Look through the records below for the line with "Lámpara de pie". Return that line and each one after it up to and including the line with "VFF gửi công", exactly.
··· DATA LISTING ···
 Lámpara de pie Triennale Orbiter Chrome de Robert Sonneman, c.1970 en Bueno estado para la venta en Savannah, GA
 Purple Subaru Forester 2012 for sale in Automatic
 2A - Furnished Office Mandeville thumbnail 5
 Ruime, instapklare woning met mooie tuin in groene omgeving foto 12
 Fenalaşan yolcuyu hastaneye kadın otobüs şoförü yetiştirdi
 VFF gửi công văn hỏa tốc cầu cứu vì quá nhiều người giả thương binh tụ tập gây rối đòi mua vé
···
··· DATA LISTING ···
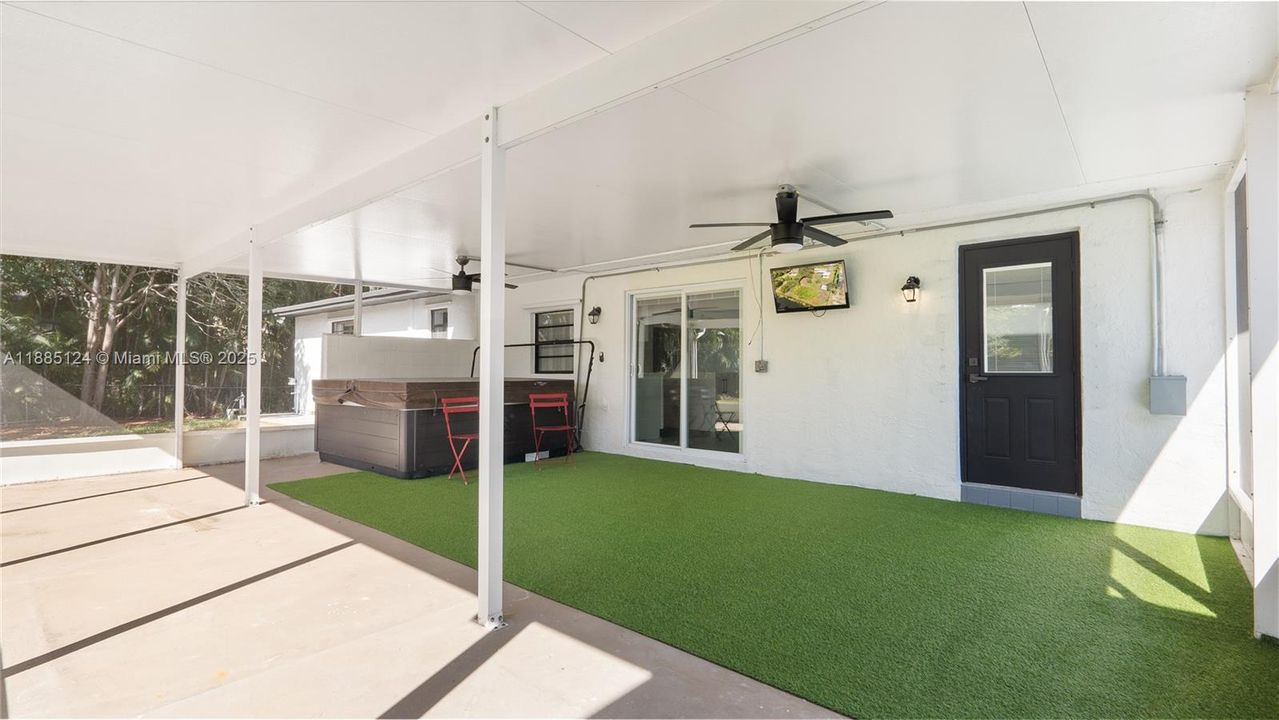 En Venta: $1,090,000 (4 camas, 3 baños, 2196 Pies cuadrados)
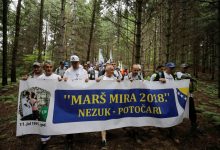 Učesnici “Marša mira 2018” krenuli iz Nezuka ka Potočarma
···
··· DATA LISTING ···
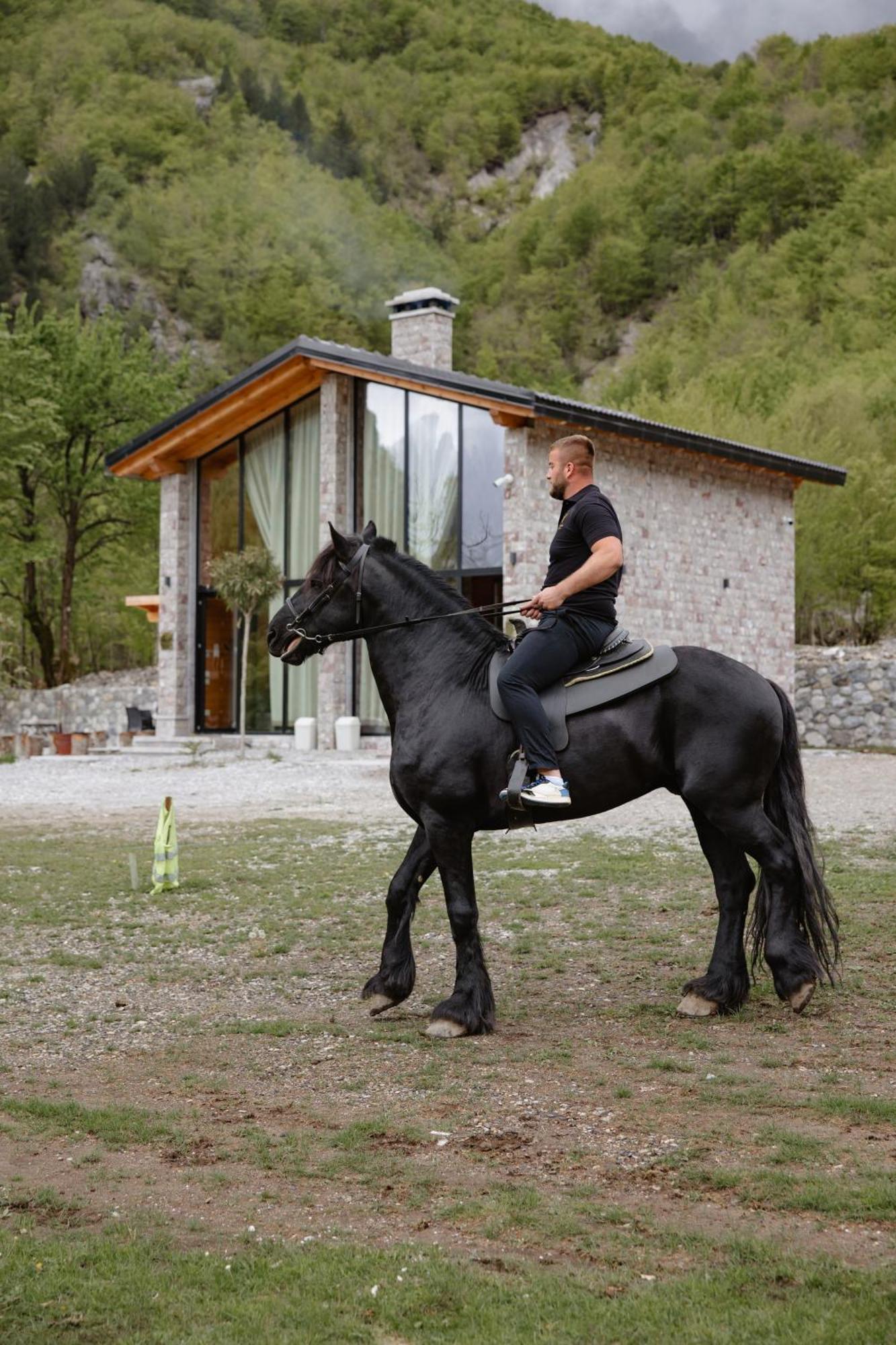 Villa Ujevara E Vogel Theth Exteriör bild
···
_RESPONSE:_
 Lámpara de pie Triennale Orbiter Chrome de Robert Sonneman, c.1970 en Bueno estado para la venta en Savannah, GA
 Purple Subaru Forester 2012 for sale in Automatic
 2A - Furnished Office Mandeville thumbnail 5
 Ruime, instapklare woning met mooie tuin in groene omgeving foto 12
 Fenalaşan yolcuyu hastaneye kadın otobüs şoförü yetiştirdi
 VFF gửi công văn hỏa tốc cầu cứu vì quá nhiều người giả thương binh tụ tập gây rối đòi mua vé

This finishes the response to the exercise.